(Extracted records)
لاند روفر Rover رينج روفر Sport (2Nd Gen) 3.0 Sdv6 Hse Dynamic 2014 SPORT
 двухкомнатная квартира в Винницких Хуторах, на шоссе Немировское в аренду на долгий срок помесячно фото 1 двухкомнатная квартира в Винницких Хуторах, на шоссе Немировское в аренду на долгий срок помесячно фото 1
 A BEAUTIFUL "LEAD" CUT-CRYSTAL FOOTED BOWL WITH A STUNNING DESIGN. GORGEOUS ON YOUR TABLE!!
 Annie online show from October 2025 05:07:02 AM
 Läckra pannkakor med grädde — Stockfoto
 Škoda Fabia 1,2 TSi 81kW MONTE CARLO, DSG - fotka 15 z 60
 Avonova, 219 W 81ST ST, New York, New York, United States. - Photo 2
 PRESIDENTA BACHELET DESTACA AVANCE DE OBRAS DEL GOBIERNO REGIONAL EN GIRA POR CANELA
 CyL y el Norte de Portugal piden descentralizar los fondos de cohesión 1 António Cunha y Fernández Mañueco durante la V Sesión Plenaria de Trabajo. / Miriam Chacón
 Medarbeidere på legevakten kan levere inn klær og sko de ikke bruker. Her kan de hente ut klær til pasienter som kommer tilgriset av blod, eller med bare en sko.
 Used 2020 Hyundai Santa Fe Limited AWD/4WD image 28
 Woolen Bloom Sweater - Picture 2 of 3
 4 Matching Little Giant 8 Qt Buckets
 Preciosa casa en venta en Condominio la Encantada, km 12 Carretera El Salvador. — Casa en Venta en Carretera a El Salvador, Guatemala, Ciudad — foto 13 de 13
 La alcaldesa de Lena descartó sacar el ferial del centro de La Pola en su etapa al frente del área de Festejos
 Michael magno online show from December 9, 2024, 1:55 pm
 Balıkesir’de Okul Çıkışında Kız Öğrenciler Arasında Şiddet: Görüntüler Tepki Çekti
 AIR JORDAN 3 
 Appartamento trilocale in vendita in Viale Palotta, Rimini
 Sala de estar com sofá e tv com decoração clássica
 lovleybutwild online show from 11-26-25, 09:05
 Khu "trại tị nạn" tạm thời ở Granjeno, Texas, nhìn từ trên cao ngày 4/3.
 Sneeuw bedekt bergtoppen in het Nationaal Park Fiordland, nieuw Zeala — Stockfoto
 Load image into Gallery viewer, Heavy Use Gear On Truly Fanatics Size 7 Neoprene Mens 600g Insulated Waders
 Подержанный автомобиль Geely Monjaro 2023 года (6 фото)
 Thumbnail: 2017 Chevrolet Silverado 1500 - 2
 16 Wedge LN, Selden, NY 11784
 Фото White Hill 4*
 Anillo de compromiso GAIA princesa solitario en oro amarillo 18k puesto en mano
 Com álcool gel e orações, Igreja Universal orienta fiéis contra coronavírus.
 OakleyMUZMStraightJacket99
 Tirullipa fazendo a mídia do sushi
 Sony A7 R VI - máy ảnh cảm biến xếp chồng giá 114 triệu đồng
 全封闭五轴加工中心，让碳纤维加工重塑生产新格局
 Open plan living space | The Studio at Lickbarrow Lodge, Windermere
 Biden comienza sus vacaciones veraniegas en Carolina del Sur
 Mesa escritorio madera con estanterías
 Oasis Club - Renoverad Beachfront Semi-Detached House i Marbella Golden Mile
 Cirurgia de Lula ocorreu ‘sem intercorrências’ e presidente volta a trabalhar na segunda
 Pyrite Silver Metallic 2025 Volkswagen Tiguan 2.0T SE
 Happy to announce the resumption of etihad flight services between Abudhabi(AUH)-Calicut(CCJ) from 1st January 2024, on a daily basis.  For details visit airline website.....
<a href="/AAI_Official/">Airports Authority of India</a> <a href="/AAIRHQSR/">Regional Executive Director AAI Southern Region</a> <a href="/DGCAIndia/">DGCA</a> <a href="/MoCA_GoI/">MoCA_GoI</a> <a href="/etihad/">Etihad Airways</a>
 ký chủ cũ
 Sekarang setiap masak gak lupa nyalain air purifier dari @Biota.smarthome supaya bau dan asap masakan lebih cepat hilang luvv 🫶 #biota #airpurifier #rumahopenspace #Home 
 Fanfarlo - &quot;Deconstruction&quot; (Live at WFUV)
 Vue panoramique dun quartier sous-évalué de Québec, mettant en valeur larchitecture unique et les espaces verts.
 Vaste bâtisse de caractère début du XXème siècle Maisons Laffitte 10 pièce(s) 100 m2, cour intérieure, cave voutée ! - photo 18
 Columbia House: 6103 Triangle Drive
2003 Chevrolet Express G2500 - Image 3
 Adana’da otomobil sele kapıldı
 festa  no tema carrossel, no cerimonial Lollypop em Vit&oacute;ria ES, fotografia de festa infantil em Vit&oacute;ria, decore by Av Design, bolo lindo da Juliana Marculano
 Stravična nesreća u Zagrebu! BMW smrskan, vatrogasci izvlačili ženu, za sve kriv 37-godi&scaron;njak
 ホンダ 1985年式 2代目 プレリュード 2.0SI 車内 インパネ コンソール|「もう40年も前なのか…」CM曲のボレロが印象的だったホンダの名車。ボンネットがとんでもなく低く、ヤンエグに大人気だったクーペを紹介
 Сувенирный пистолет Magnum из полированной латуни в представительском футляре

> _ABOUT THIS TASK_
Look through the data above and return exactly the lines from the one that contains "Michael magno online" to the one that contains "Pyrite Silver Metallic", inclusive, with nothing else.

> _EXPECTED OUTPUT_
 Michael magno online show from December 9, 2024, 1:55 pm
 Balıkesir’de Okul Çıkışında Kız Öğrenciler Arasında Şiddet: Görüntüler Tepki Çekti
 AIR JORDAN 3 
 Appartamento trilocale in vendita in Viale Palotta, Rimini
 Sala de estar com sofá e tv com decoração clássica
 lovleybutwild online show from 11-26-25, 09:05
 Khu "trại tị nạn" tạm thời ở Granjeno, Texas, nhìn từ trên cao ngày 4/3.
 Sneeuw bedekt bergtoppen in het Nationaal Park Fiordland, nieuw Zeala — Stockfoto
 Load image into Gallery viewer, Heavy Use Gear On Truly Fanatics Size 7 Neoprene Mens 600g Insulated Waders
 Подержанный автомобиль Geely Monjaro 2023 года (6 фото)
 Thumbnail: 2017 Chevrolet Silverado 1500 - 2
 16 Wedge LN, Selden, NY 11784
 Фото White Hill 4*
 Anillo de compromiso GAIA princesa solitario en oro amarillo 18k puesto en mano
 Com álcool gel e orações, Igreja Universal orienta fiéis contra coronavírus.
 OakleyMUZMStraightJacket99
 Tirullipa fazendo a mídia do sushi
 Sony A7 R VI - máy ảnh cảm biến xếp chồng giá 114 triệu đồng
 全封闭五轴加工中心，让碳纤维加工重塑生产新格局
 Open plan living space | The Studio at Lickbarrow Lodge, Windermere
 Biden comienza sus vacaciones veraniegas en Carolina del Sur
 Mesa escritorio madera con estanterías
 Oasis Club - Renoverad Beachfront Semi-Detached House i Marbella Golden Mile
 Cirurgia de Lula ocorreu ‘sem intercorrências’ e presidente volta a trabalhar na segunda
 Pyrite Silver Metallic 2025 Volkswagen Tiguan 2.0T SE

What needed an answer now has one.